The trail to the viewing platforms takes about 30-45 minutes. It is an easy hike and you’ll probably see bears along the way in the water or marshes. This is where proper packing of camera gear, tripods and other clothing is important. The lighter and tighter you can pack, the easier it will be to take photos while moving, and the less tiring it will be hours later at the end of the day. (The walk back always seems twice as long as the walk there).
You will probably see bears on your way going to and returning from the platforms. This is actually the best time to shoot behavior scenes apart from salmon fishing. Bears will often scratch, rest or interact very close to the raised walkway or hiking trail, and you can shoot with an 80-200 or shorter lens with good results.
You’ll walk along amidst spruce forests and open marshlands, with views of lakes, birds and bears along the way. After about 30 minutes and crossing a recently made bridge across the south end of Brooks Lake, you’ll arrive at the lower platform. There are some nice views of bears fishing here and you can get some great shots up and down Brooks River with a long lens (400mm+). But the better views are generally at the upper platform. about 15 minutes away.
Once you get to the upper platform check-in area, you will give the ranger your name and party size. They regulate the amount of people allowed on this platform as it gets crowded with more than about 20 folks there with lens, tripods and gear. There is usually a wait of at least 15 minutes and sometimes up to an hour or two, depending on the time of season and number of people. When your name is called, they will let you in the gate and you walk a short distance to the platform. You’ll have about 30-45 minutes to shoot before you have to go back to the waiting area. You can relist your name/party size as many times as you like and keep shooting this way.

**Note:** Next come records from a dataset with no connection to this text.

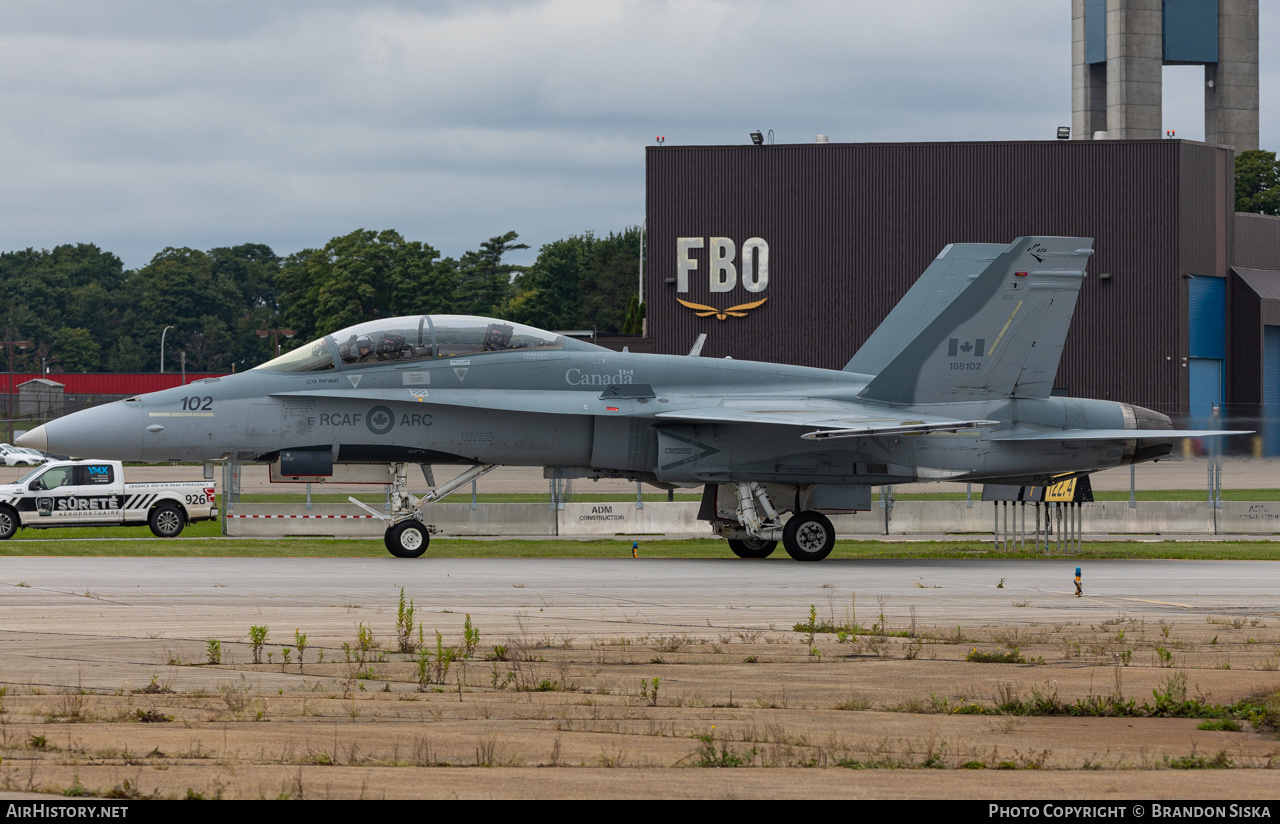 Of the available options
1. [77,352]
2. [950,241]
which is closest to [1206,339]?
[950,241]

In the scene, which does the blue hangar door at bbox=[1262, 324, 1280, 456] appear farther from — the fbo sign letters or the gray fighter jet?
the gray fighter jet

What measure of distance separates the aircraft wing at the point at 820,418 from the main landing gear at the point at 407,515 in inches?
125

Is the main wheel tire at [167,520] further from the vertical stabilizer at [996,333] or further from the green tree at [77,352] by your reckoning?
the green tree at [77,352]

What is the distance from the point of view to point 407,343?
61.2ft

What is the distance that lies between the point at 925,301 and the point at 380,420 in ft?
29.6

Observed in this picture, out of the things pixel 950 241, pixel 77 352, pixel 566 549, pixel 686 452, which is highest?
pixel 77 352

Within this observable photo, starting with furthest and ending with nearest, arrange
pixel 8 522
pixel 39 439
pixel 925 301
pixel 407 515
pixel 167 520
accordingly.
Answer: pixel 167 520, pixel 8 522, pixel 925 301, pixel 407 515, pixel 39 439

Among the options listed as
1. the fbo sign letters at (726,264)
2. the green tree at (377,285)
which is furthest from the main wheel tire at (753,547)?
the green tree at (377,285)

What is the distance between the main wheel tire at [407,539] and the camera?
61.9ft

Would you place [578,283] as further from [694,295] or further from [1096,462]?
[1096,462]

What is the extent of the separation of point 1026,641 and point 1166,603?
3.75 m

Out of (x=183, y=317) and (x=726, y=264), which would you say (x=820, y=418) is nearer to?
(x=726, y=264)

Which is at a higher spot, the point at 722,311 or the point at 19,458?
the point at 722,311

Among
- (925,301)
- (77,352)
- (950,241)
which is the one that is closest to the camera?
(925,301) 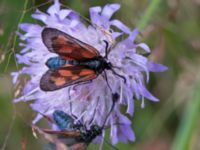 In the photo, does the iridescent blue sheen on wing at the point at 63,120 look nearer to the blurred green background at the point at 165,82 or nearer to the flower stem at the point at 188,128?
the flower stem at the point at 188,128

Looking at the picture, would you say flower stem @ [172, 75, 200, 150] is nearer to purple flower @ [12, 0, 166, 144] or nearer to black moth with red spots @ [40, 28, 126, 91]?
purple flower @ [12, 0, 166, 144]

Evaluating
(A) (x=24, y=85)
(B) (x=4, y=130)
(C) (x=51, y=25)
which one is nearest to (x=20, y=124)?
(B) (x=4, y=130)

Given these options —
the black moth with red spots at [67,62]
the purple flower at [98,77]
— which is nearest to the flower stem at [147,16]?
the purple flower at [98,77]

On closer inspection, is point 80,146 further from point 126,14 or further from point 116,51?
point 126,14

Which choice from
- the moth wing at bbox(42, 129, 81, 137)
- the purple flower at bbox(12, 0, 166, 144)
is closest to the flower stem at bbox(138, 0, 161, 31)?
the purple flower at bbox(12, 0, 166, 144)

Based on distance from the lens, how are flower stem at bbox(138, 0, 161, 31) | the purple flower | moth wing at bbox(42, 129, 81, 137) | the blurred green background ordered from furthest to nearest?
the blurred green background → flower stem at bbox(138, 0, 161, 31) → the purple flower → moth wing at bbox(42, 129, 81, 137)

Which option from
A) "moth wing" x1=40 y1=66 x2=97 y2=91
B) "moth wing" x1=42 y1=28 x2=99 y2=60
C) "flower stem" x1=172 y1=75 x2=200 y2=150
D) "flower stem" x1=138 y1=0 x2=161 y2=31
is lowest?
"flower stem" x1=172 y1=75 x2=200 y2=150

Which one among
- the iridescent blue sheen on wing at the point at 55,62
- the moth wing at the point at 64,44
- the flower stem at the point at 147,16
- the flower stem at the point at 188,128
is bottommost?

Whenever you are done, once you are out of the gated, monitored upper platform area, you can take your time walking and shooting back to Brooks Camp. Your guide will either be with you or waiting for you at the camp area. Afternoon rains are common, so this is when that rolled up poncho or rain gear will be worth its weight in gold. Unless you have 2-way radios, you won’t be able to communicate with your pilot or guide, so be sure to time your hike to allow 45 minutes for the walk back to camp.
Brooks Falls is world famous for many reasons, as detailed above. But it is not the only place to see bears. At unexpected times almost anywhere in Alaska, you may witness any number of bear interactions — poignant mother-cub interactions on foggy mornings, boars fighting, and human-bear close encounters throughout the summer, etc. So don’t get too stressed if you can’t come when there are “the most bears present” or “the only time there are flights”. A unique synchronicity of events, colors, moments, interactions and “god-light” can happen anywhere – e.g. on the hikes to see the bears, rather than at the actual destinations.
The more time you give yourself in Brooks — or any excursion into the wild — the more you will be rewarded with moments you couldn’t plan even if you consulted all the weather and animal behavior info available. Astounding moments await you if you are patient and prepared.
Ron Levy started leading tours back in 1980 when he was stationed as a Park Ranger on San Miguel Island off the coast of California. He has guided hundreds of travelers on nature, photo and historical excursions in Alaska, California, Arizona and Ecuador over the last 35 years, both as an NPS and USFWS ranger and independently. His images have been published internationally for over 3 decades, including exhibitions in museums and galleries in the US, Europe and Asia. He has also been a photography instructor at the University of Alaska, and provides assistance to agencies and NGOs specializing in health and conservation issues worldwide.